Regulatory concerns are not the only ones remaining. CRH is paying €6.5billion for the assets it is buying, but it is difficult to tell whether Lafarge and Holcim shareholders are getting a good price for them, or whether they are being sold cheaply to speed the deal through. Holcim says the price “reflects the value of these high-quality assets”. Maybe. But investors shouldn’t have to take such airy assertions on trust.

More concerning for Holcim shareholders is the fact that the original price for the deal now looks wonky. The 1:1 share exchange ratio was already somewhat in Lafarge’s favour at the time the deal was launched last April. But the appreciation of the Swiss franc since then – although it crimped Holcim’s latest profits somewhat – means that its relative value has increased. Holcim is now worth €22.4billion to Lafarge’s €19.1billion.

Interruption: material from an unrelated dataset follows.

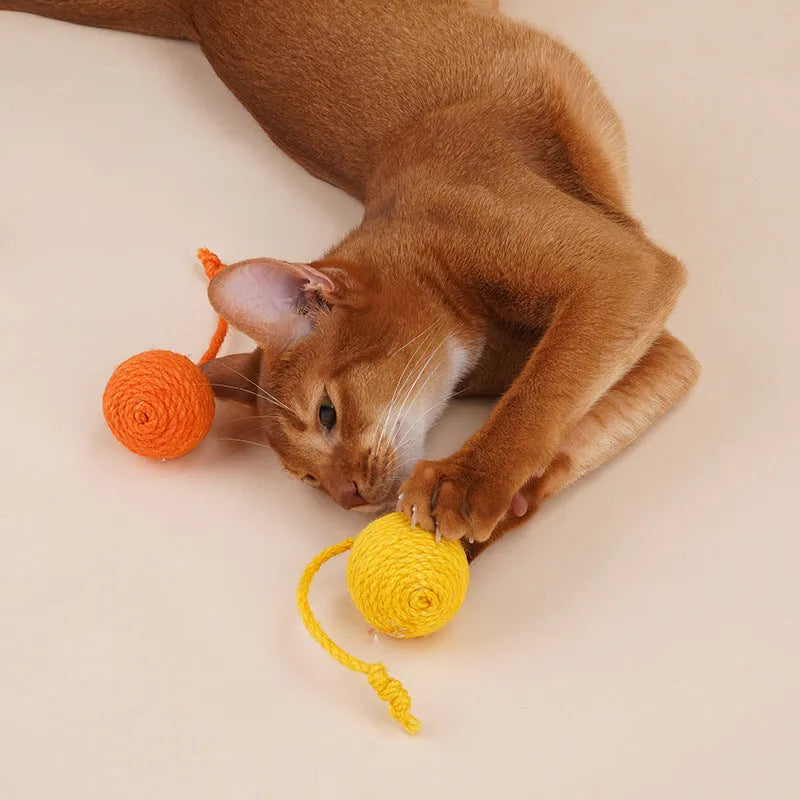 Cat toy set with teaser stick, catnip ball, and four interactive toys in blue, green, or red yellow blue colours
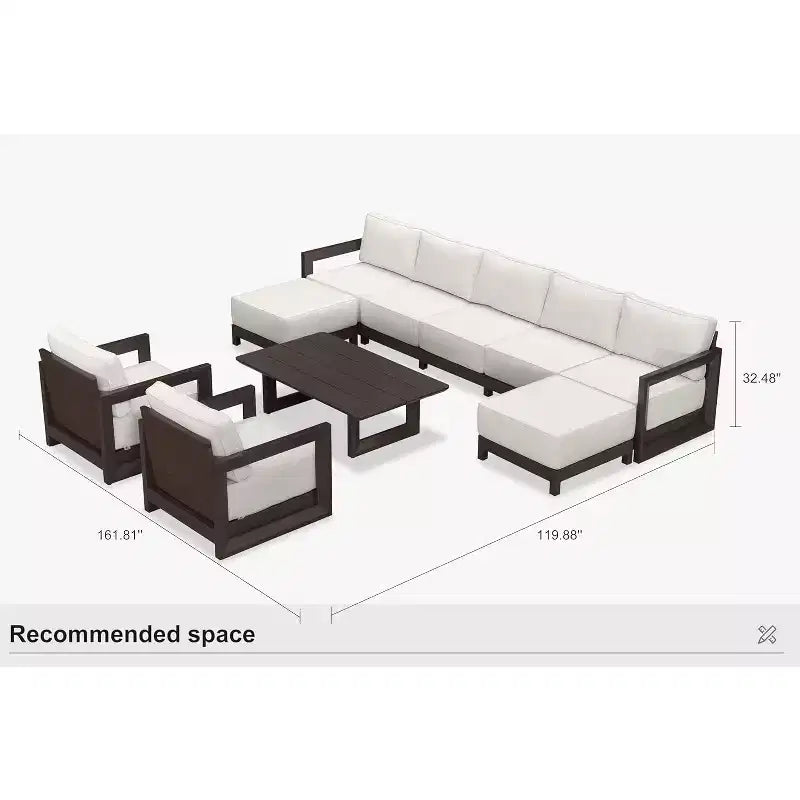 Ensemble de meubles de patio PURPLE LEAF : canapé d'extérieur fermé avec coussins moelleux pour jardin, véranda, terrasse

It is obvious why Lafarge’s management and investors are staying schtum on pricing. But it is a mystery why Holcim’s management and its shareholders are not shouting louder, given the strength of their position. The deal always looked more crucial for Lafarge than it did for Holcim. Not only is the latter outperforming the former, but with relatively higher leverage Lafarge would be in line for a credit rating upgrade if the merger happens, according to Moody’s. In addition, the cloak under which to make job cuts or plant closures is more necessary to Lafarge in today’s France than to Holcim.

Bernard Fontana, Holcim’s chief executive, said this week that there would be no adjustment to the price. And there has been no such demand from the company’s largest investor, the founding Schmidheiny family, which holds a fifth of the shares. The Schmidheinys have always been very keen on the Lafarge deal, possibly to reduce the influence of Filaret Galchev, the owner of Eurocement, Holcim’s second-biggest shareholder, with 11%. Other big shareholders, such as Harris Associates, have refused to comment publicly.

It is difficult to avoid the suspicion that, given the easy ride the deal has been given by the regulator, the boards of both companies and their big shareholders fear public wrangling over the pricing would bring unwanted attention back on to it. More, though, is warranted.